While their offense sputtered again, the Twins contended White Sox starter James Shields committed a balk by not coming to a complete stop in his motion in the fifth inning with Ehire Adrianza on first base. Glynn brought it up with third base umpire and crew chief Gerry Davis, who disagreed.

"I explained to him it was not a balk," Davis told a pool reporter. "He said it was a balk. I explained to him it was not a balk, told him I wasn't sure he knew the definition of what a balk was for a stop."
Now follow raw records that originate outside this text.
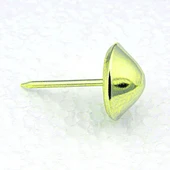 Febko Pirinç Konik Kabara Raptiye 9,5 mm - 1000 adet - 1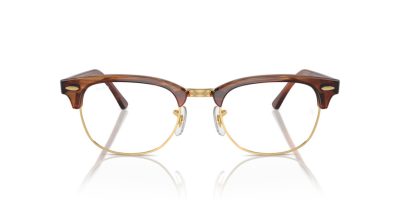 RAY-BAN VISTA CLUBMASTER 0RX5154 8375 53 Szemüvegkeret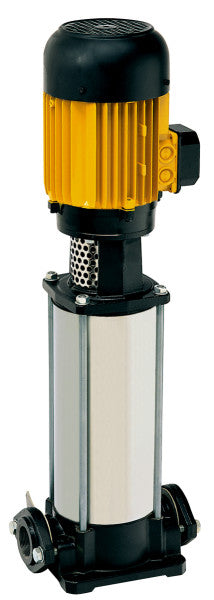 Bomba vertical ESPA VE 94 10, 7.5 HP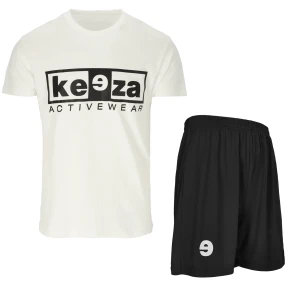 Komplet treningowy (koszulka, spodenki)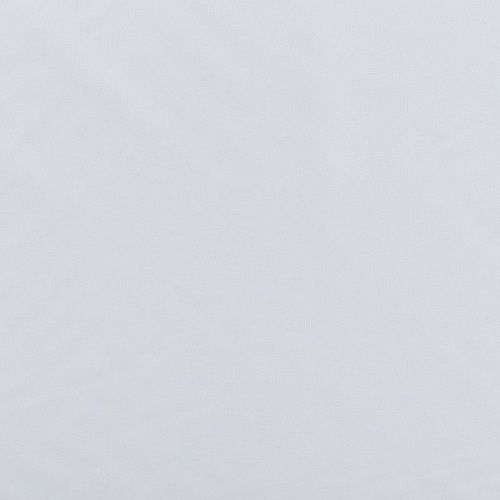 Ткань плащевая 042-00826 белый однотонный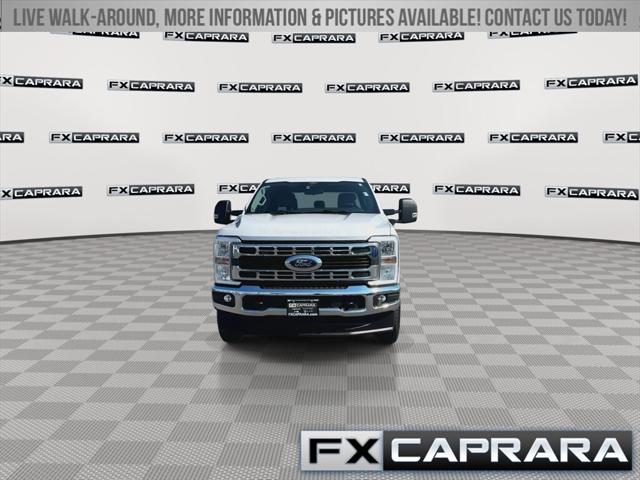 2024 Ford F-250 XLT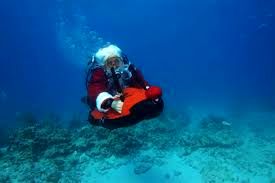 بابانوئل‌ها امسال سنت‌شکنی کردند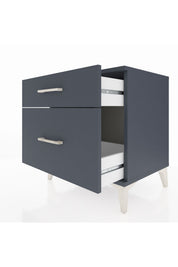 Hyperion Komodin 2 Çekmeceli 60x44x64 - S45M014V5B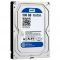 Накопичувач HDD SATA  500GB WD Blue 7200rpm 16MB (WD5000AAKX) Refurbished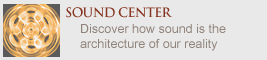 Sound Center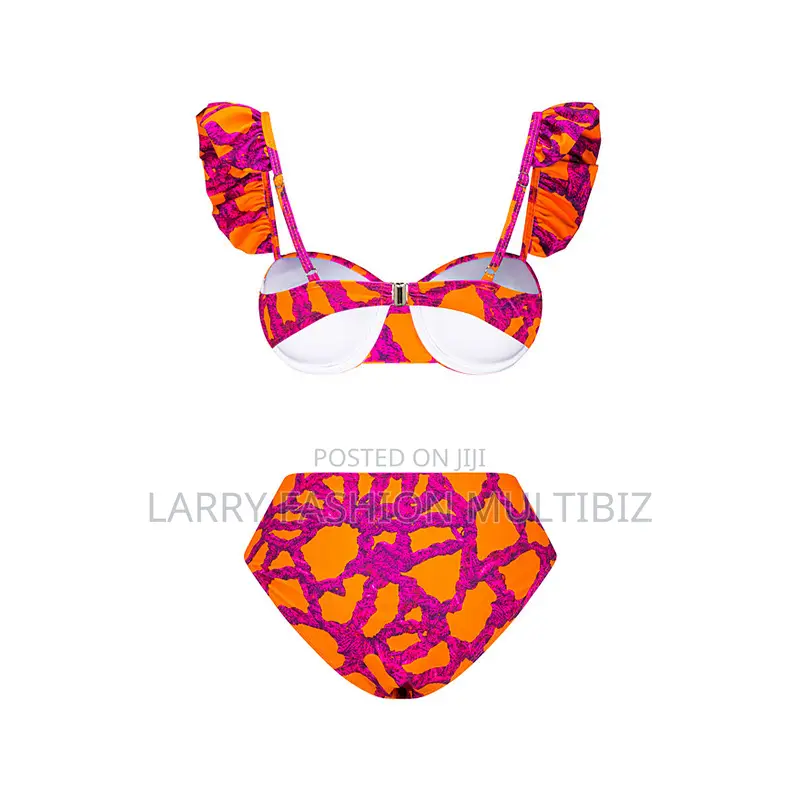 Floral Beach Vacation 3set Wears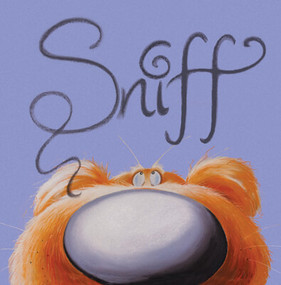 Sniff - 9781499489798 by Lynne Hudson, Lynne Hudson, 9781499489798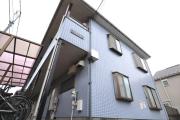 京王線国領駅まで徒歩22分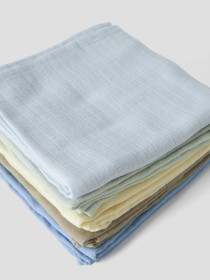 NAME IT 5-Pak Stofbleer Ancient Water 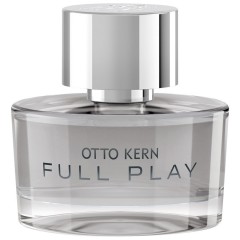 Otto Kern  Eau de Toilette (EdT) Туалетная вода Full Play Man, 50 мл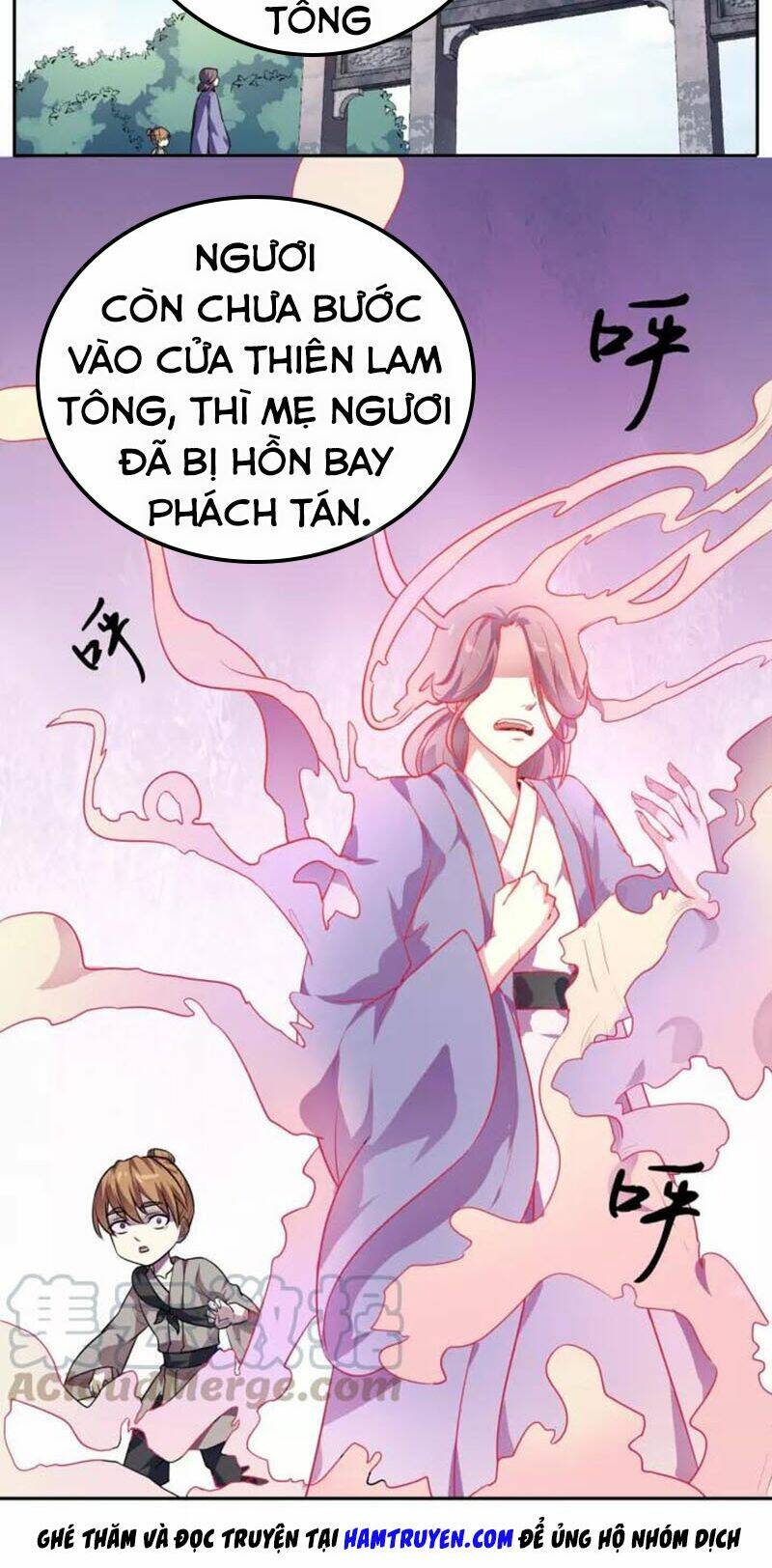 nghịch thiên đại thần chapter 81 26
The debate continued in the sixth after Brian Dozier's single sent Eddie Rosario to third. While White Sox pitching coach Don Cooper visited Shields, Glynn brought up the play again and told Davis what he thought of the call.

"The next half-inning he came out, brought it up again," Davis said. "I told him that was enough. He continued, and I ejected him."
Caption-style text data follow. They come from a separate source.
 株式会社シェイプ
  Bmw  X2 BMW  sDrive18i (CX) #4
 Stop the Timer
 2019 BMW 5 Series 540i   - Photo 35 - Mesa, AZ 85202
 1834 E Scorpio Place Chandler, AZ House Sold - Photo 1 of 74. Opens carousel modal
Glynn, who has been thrown out of games three times in his career, didn't like how Davis disagreed with him.

"It was simple," Glynn said. "I respect the umpires 100 percent, all the time. When I asked him about Shields not stopping, he had come back with, I thought, an insulting, sarcastic line to me."

Play resumed, and Shields attempted to pick Rosario off third by faking a throw to first before throwing to third. But home plate umpire Pat Horberg called a balk on Shields, and Rosario scored what was, for a time, the Twins' first run of the game.
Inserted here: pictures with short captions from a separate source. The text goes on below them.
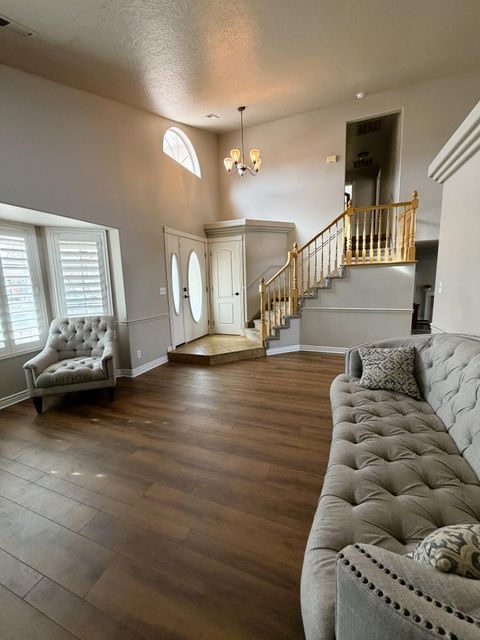 Tiny photo for 1157 E CHOKEBERRY DR, Saint George, UT 84790 (MLS # 26-267751)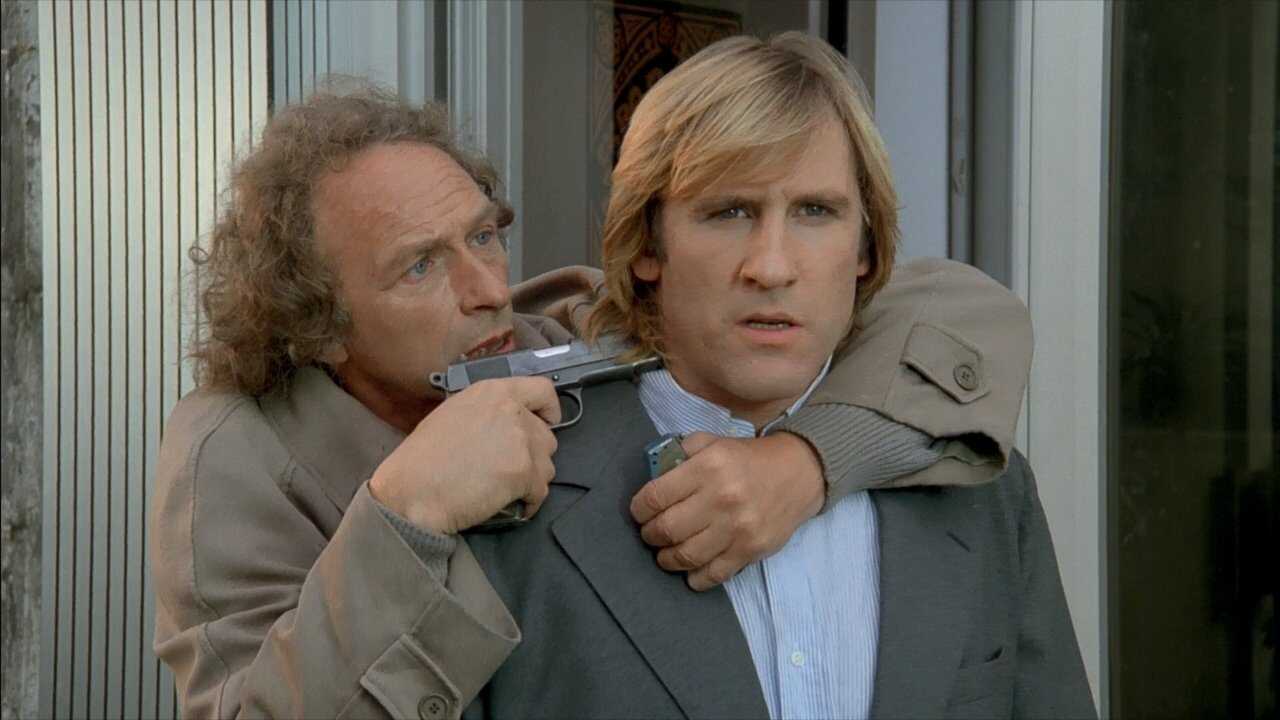 Die Flüchtigen (1986) 0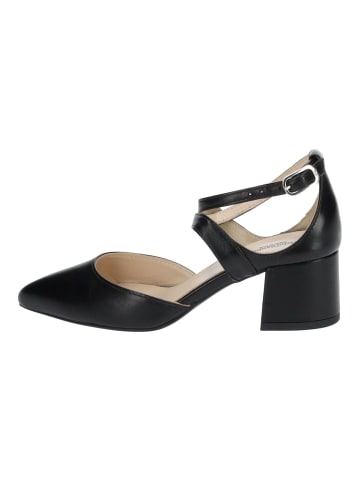 Nero Giardini Pumps in Schwarz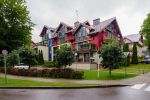Puikūs dviejų kambarių apartamentai su didele lauko terasa ir vaizdu į Kuršių marias - 2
Not so fast. White Sox manager Rick Renteria approached the umpires and asked them to reconsider the decision. After huddling behind the pitcher's mound, they ruled Shields took his foot off the rubber in time — and did not commit a balk.

That set off Molitor, who rushed back onto the field, engaged Horberg and was tossed a few seconds later. Afterward, he thought there were too many suspicious things about the move to change the decision.

"I wasn't particularly happy to hear that they all said that they saw that he had properly disengaged with the rubber," Molitor said, "because I don't believe that they did."

And the Twins players, following two eruptions from their bosses, responded — with more futile offense. The Twins have scored only one run over their past 13 innings — and didn't score until the ninth inning Wednesday on Adrianza's RBI single. The loss dropped them 8 1/2 games behind Cleveland in the AL Central.

Video (00:56) Twins righthander Kyle Gibson started out well but faltered during the middle innings in a loss to Chicago

Twins righthander Kyle Gibson entered Wednesday with a 3.25 ERA but hunting for only his third victory of the season. He shut down the White Sox for three innings, but Chicago scored three in the fourth on an RBI double by Leury Garcia, an RBI single by Tim Anderson and a run-scoring groundout by Omar Narvaez. Jose Abreu homered in the fifth, then Charlie Tilson's RBI single in the sixth made it 5-0. Avisail Garcia homered in the eighth off Ryan Pressly for Chicago's final run.

"Yeah, part of the game that I saw," Molitor said, "we didn't do particularly well."